Monday, May 11, 2009

Celebrating Statehood

On January 3 of this year, the state of Alaska celebrated the 50th anniversary of its admittance to the Union. At one point in time, my knowledge of Alaska was limited to the general social studies curriculum in public schools, the show Northern Exposure (which was not actually even filmed in Alaska), and my father’s brief trip to the Aleutian Islands when I was 6. Needless to say, processing Hugh Peterson’s Congressional committee files was a great learning opportunity -- for when I started arranging the files pertaining to his committee trips, I found information about a trip he took to Alaska in 1945.
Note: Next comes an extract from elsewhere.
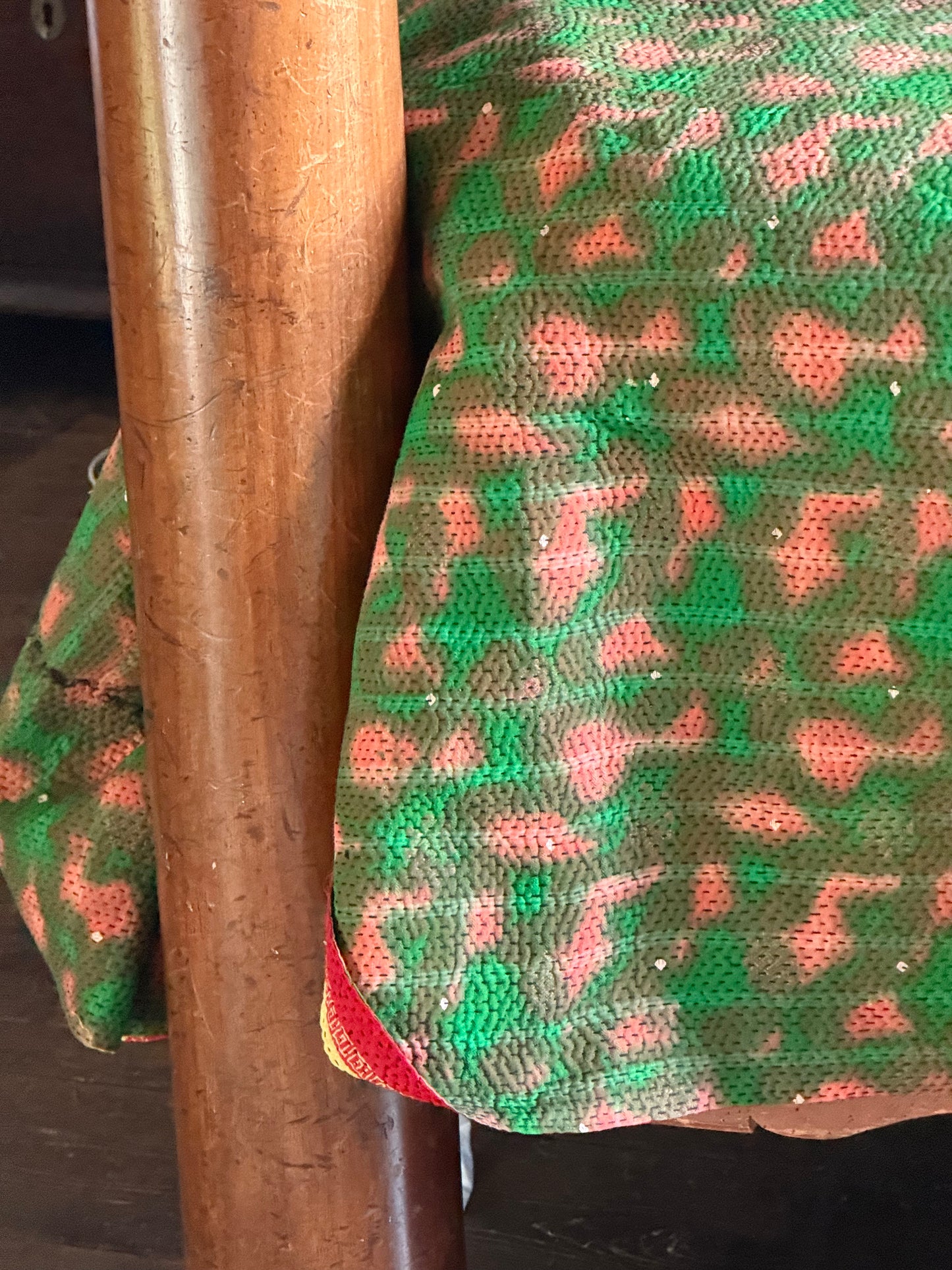 Kantha Quilt ~ Roxanne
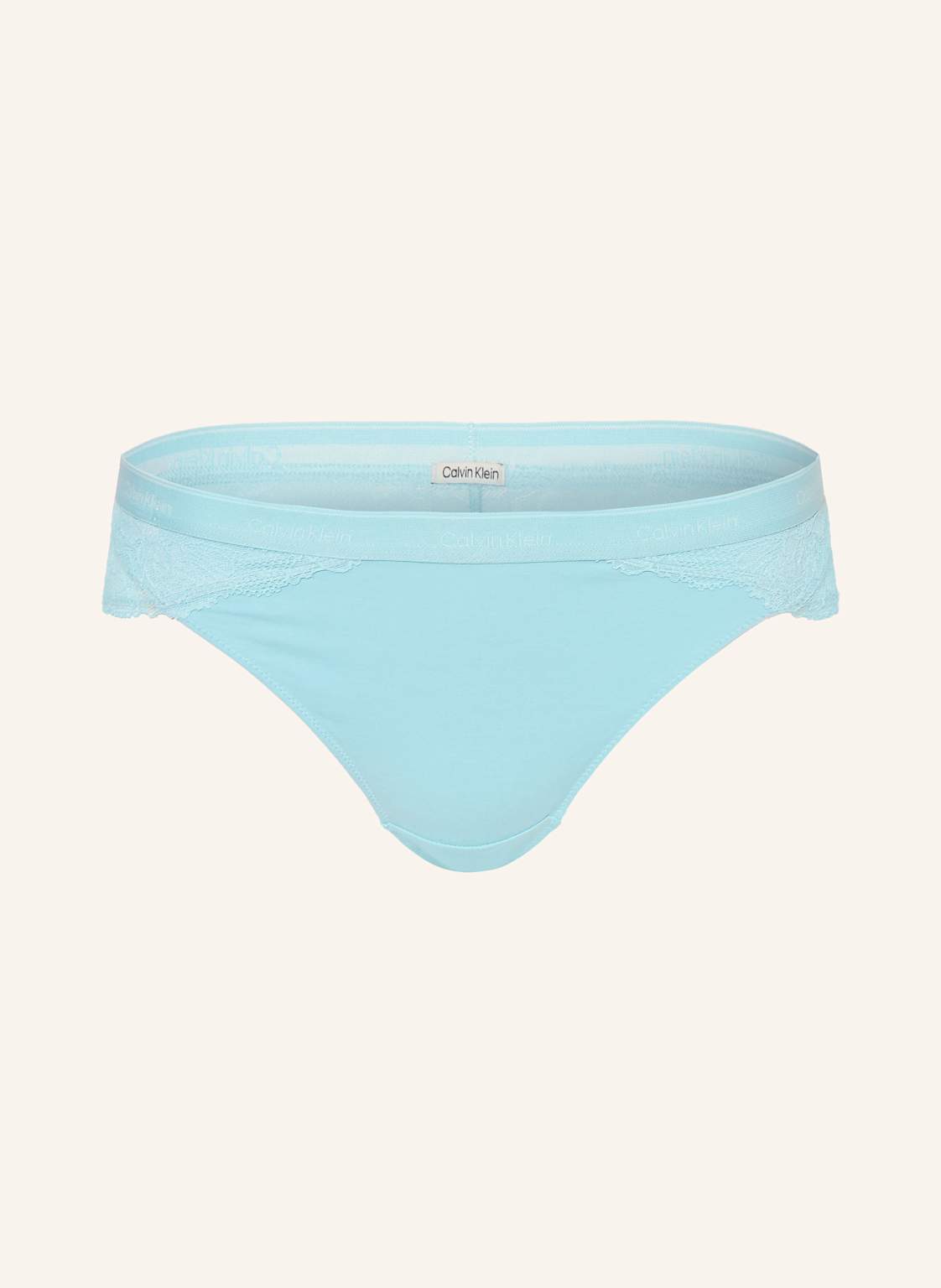 Calvin Klein Slip Modern Lace blau von Calvin Klein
Alaska Governor Ernest Gruening speaking
at a Congressional dinner, August 1945

He served on the Rivers and Harbors Committee, the service on which took him to Texas, California, Washington and Alaska during the mid 1940s. Although that was 14 years before the territory was admitted into the Union, statehood was on the mind of several in Alaska when Peterson visited. He jotted down a few notes in a notebook from a dinner he attended at which Governor Ernest Gruening made remarks, some of which endorsed statehood for the territory.

Also while visiting Alaska, the Congressional group was treated to a presentation in Klukwan by the Jilkaat tribe of the Tinglits, who are indigenous to what is now the southeastern coast of Alaska. I wonder what they thought of statehood.